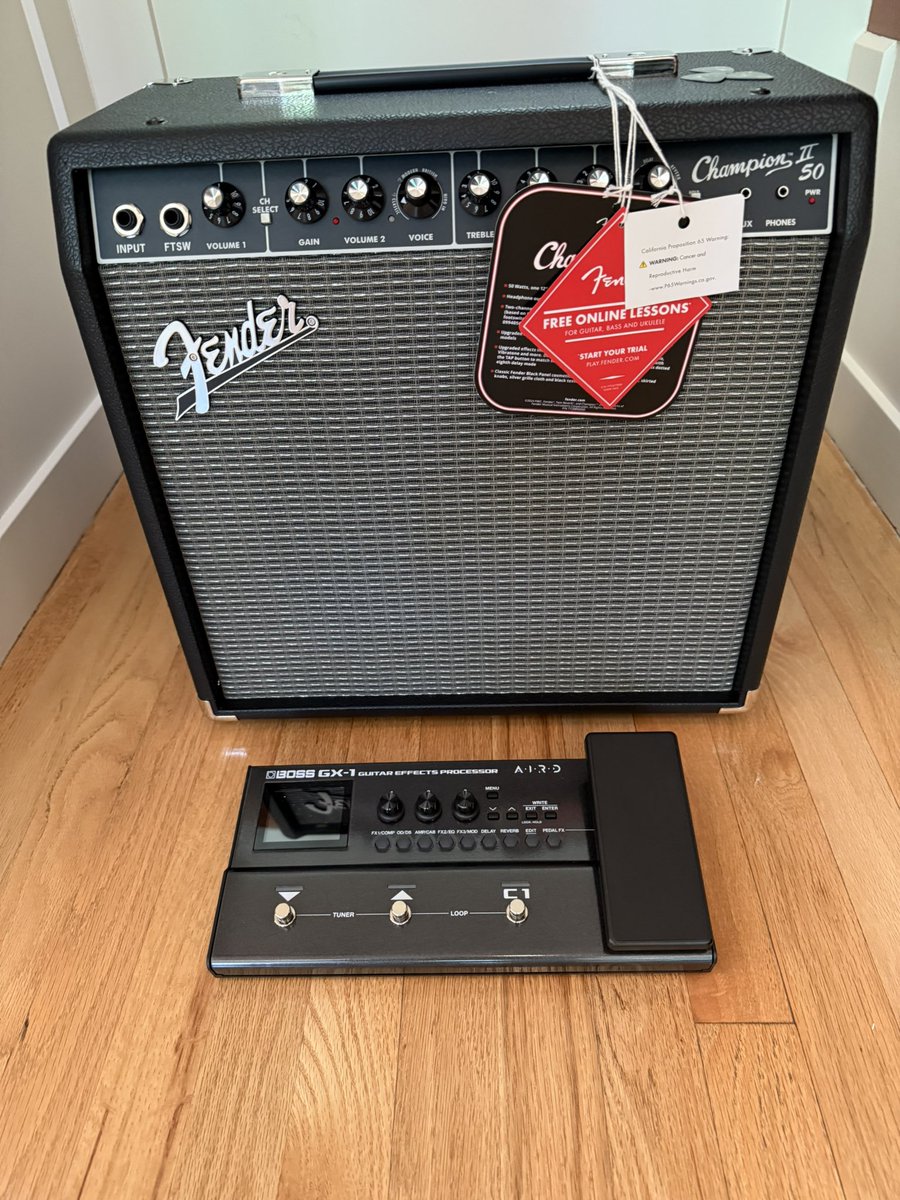 trophy_watch's tweet photo. Someone please help me get the katana go Pink Floyd run like hell patch on the gx1 ?! I can’t get it. (Going into a fender champion II) https://t.co/wwo0KoUUDc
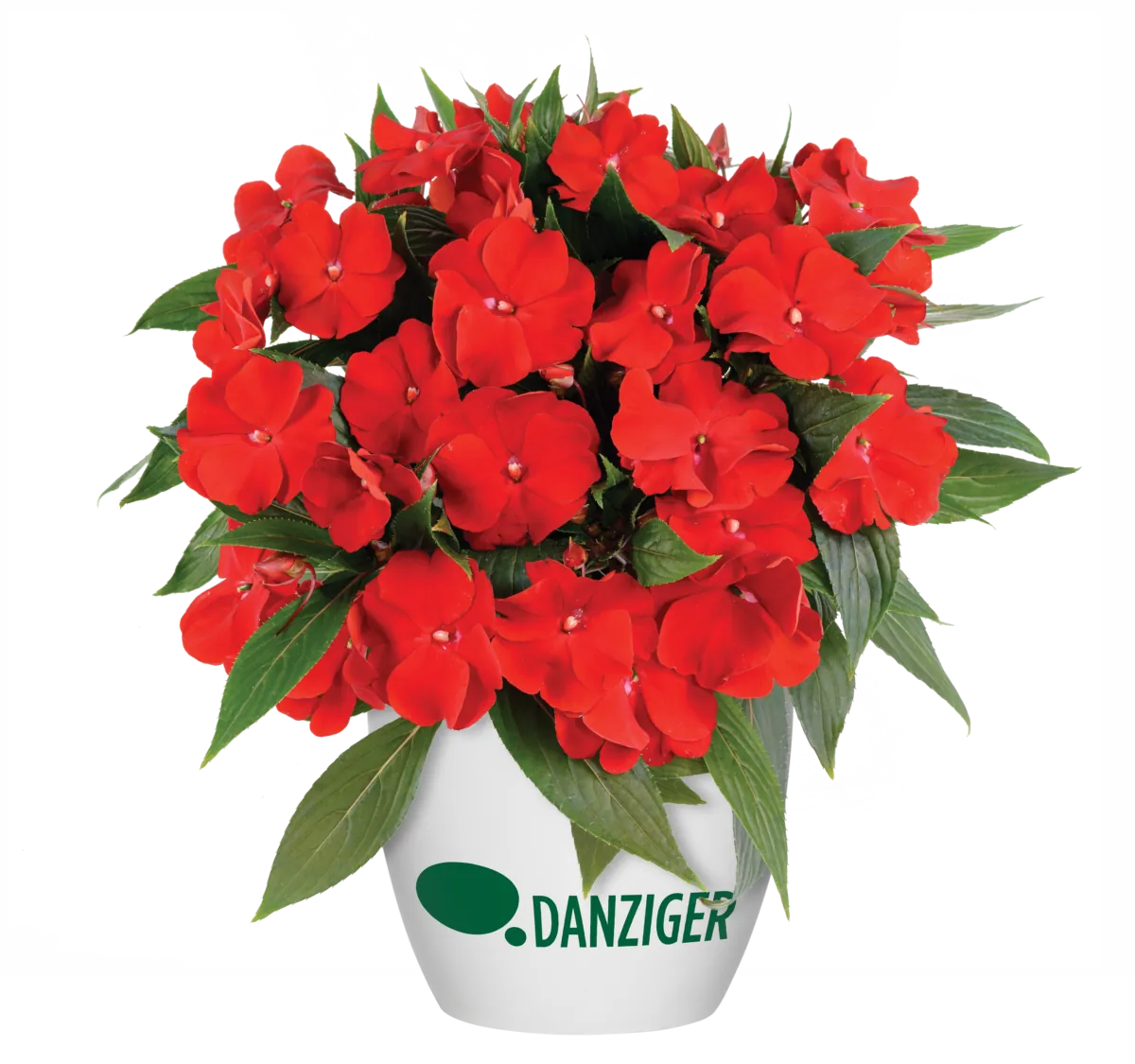 Harmony® Bold Red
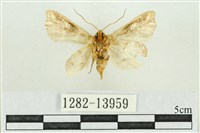 紅暈散紋夜蛾藏品圖，第2張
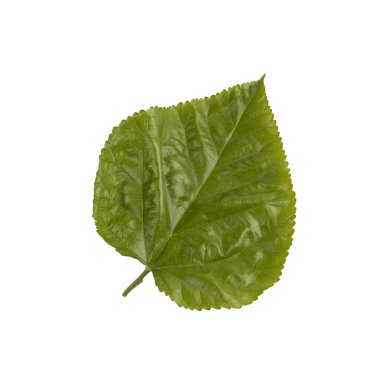 Beyaz arkaplanda dut yaprağı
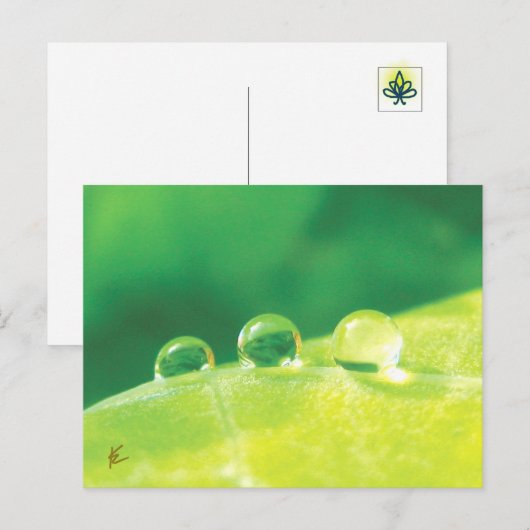 Peaceful, Elegant, Dew Drops on Leaf Nature Briefkaart (Voorkant / Achterkant)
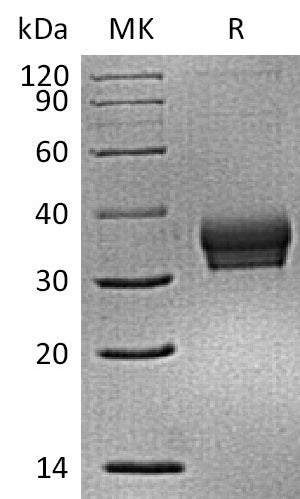 BL-2314NP: Greater than 95% as determined by reducing SDS-PAGE. (QC verified)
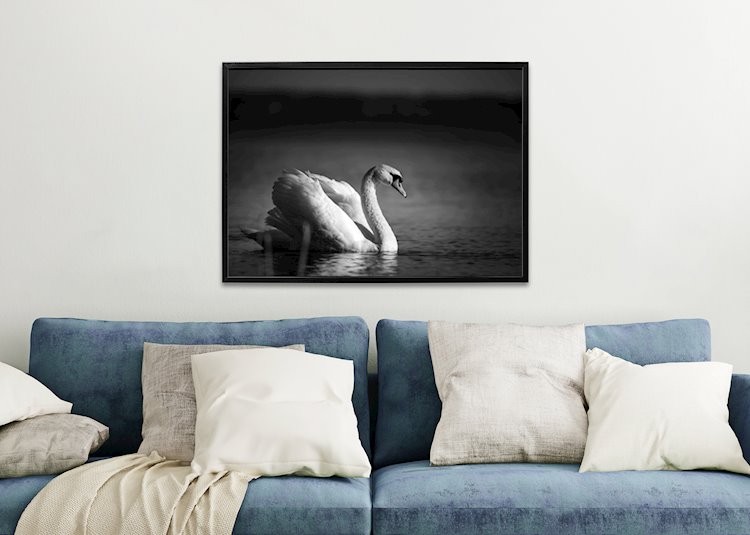 Pukkelrygget svane plakat af Arvidsson - Printler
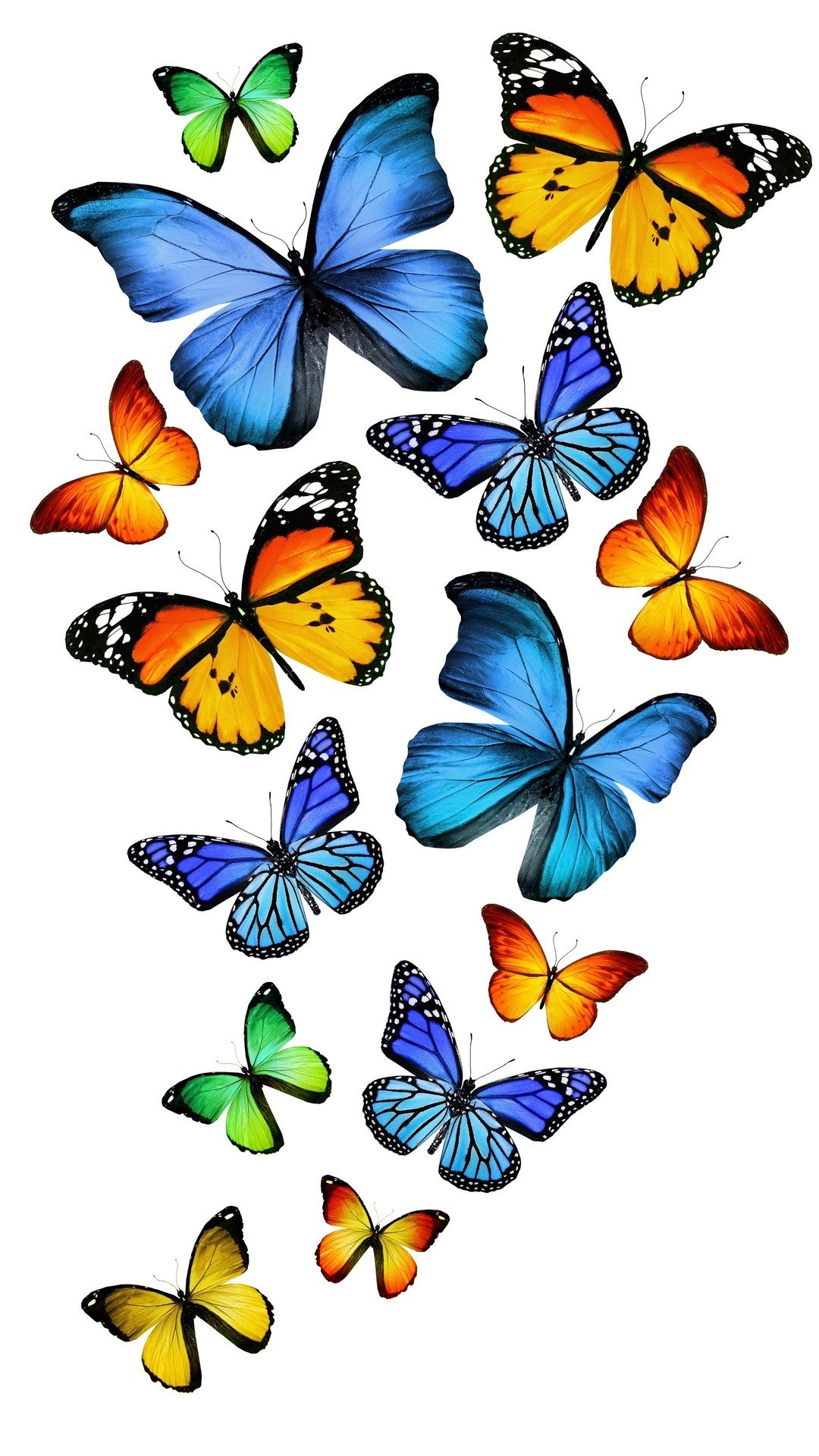 3D, Blue, Green, Blue, Yellow, Butterfly, Green, Yellow, Group Image Png Wallpaper & Background Download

------------------------

What to work on: Could you reproduce the data above exactly, without its pictures?

Worked solution:
 trophy_watch's tweet photo. Someone please help me get the katana go Pink Floyd run like hell patch on the gx1 ?! I can’t get it. (Going into a fender champion II) https://t.co/wwo0KoUUDc
 Harmony® Bold Red
 紅暈散紋夜蛾藏品圖，第2張
 Beyaz arkaplanda dut yaprağı
 Peaceful, Elegant, Dew Drops on Leaf Nature Briefkaart (Voorkant / Achterkant)
 BL-2314NP: Greater than 95% as determined by reducing SDS-PAGE. (QC verified)
 Pukkelrygget svane plakat af Arvidsson - Printler
 3D, Blue, Green, Blue, Yellow, Butterfly, Green, Yellow, Group Image Png Wallpaper & Background Download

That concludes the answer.